Rains, who once was a member of the Santa Monica Police Department and served as the Santa Monica Police Officers’ Association president, said if the DA decides not to charge anyone in the case, the police department would likely hold the next move.
“Just because the DA decides not to prosecute doesn’t mean the matter is concluded,” Rains warned. “That would likely stimulate an investigation by the department and a probable internal affairs investigation.
“I’ve had situations where the DA said we don’t think we can get a conviction, but an internal investigation found enough misconduct to impose serious discipline, including termination.”
Rains said if the individuals are charged in the Novato case, the outcome could likely end in termination for the officers involved.
“If the allegations are proven to be true, they can result in termination. The issue has to be clear. The DA’s office is going to have to conduct an exhaustive, tedious look at all the records to be truly objective whether there’s any evidence of wrongdoing.”
The NPOA represents the police officers, detectives, corporals, dispatchers and records staff. The association donates on a regular basis to community projects, student sporting events and charities. Association funds are also used for legal representation and legal fees.
A criminal investigation which results in charges being filed is never a good thing for an officer or a police department, Rains said.
“It has the potential of eroding the integrity of the department,” Rains said. “It’s never really good when it happens.
“People will begin to ask if we can now trust an officer who comes to our door to take a report of a burglary. Unfortunately, they all get smeared with the same broad brush. That’s the worst of it all.”
According to the City of Novato website, the police department has a staff of 78 employees, including 59 sworn personnel which is divided into two divisions, operations and administrative services.
The association is governed by a board of directors who serve two-year terms. A separate association — the Novato Police Managers Association — represents the administrative side.
According to the NPOA’s statement dated May 16, the new board of directors uncovered alleged financial improprieties when the new officers came on board.

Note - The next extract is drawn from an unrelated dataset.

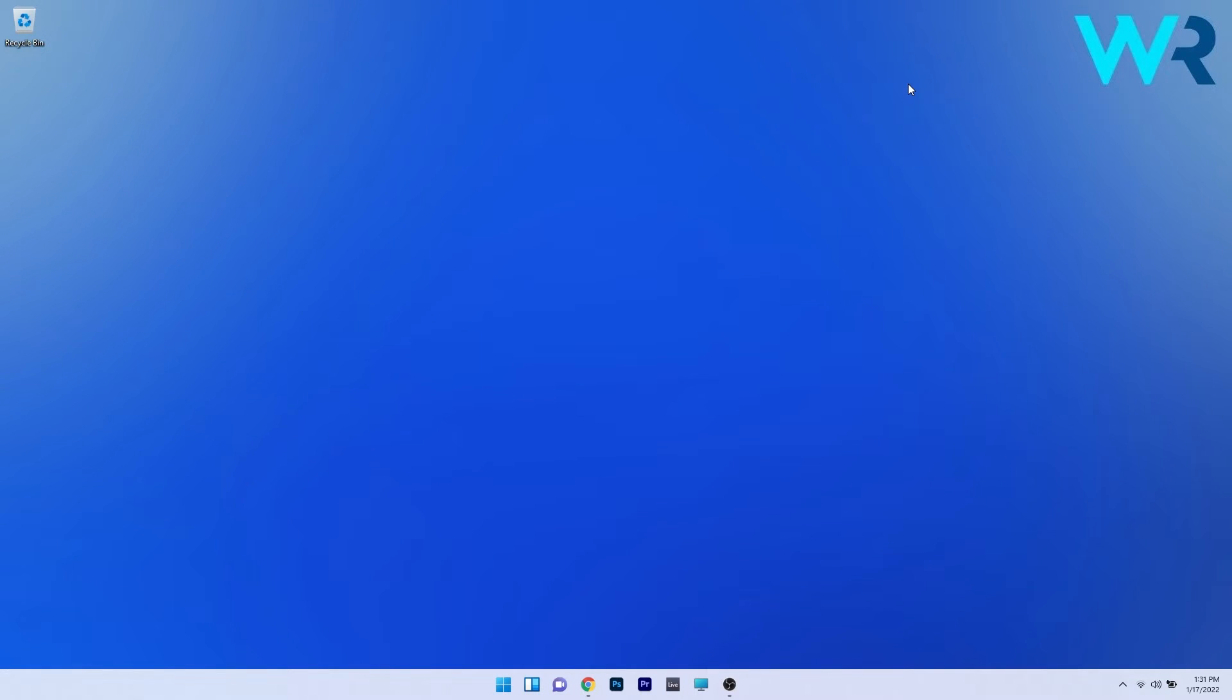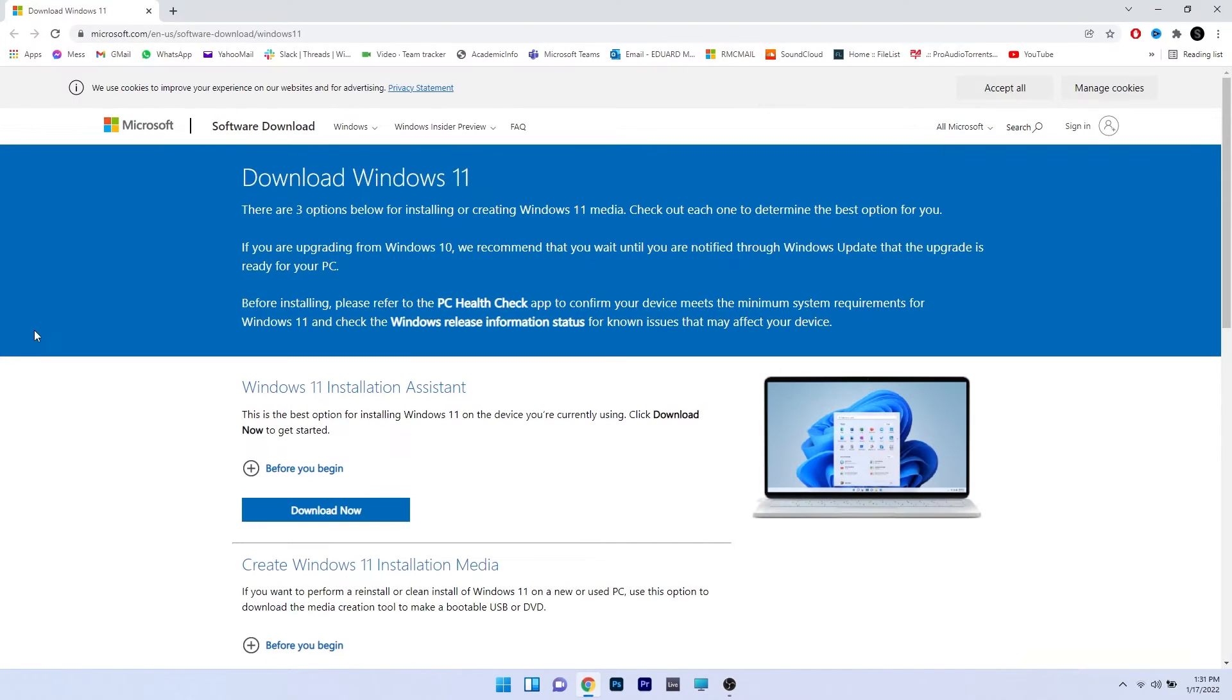All you require is a browser to access the link I posted in the description below. Simply access your browser and the link in the description. As you can see, this is the official Microsoft Windows 11 download web page.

“The members of the NPOA have and will continue to assist the Marin County District Attorney’s office with its impartial investigation into these matters,” the press release read.
The board declined to elaborate and referred all inquiries to its legal counsel.
Rains said sometimes these types of inconsistencies are related to sloppy bookkeeping and the long hours officers often times work.
“In some cases, it’s just plain sloppiness,” Rains said. “Some officer is trying to keep the books of the association accurate and they don’t get the attention they deserve. The books should still be maintained. That shouldn’t occur.”
The following are the major cases Rains has worked over his lengthy legal career.
• In 2000, eight Corcoran prison guards were acquitted for allegedly creating inmate gladiator fights.
• The Oakland Riders case involved four rogue Oakland police officers.
• And Mehserle, who shot an unarmed man Jan. 1, 2009, was convicted of involuntary manslaughter in the death of Oscar Grant. The California Supreme Court denied Mehserle’s appeal in September of 2012.
Last year, a federal civil jury ruled Grant’s death was accidental and denied damages to the 22-year-old man’s incarcerated father.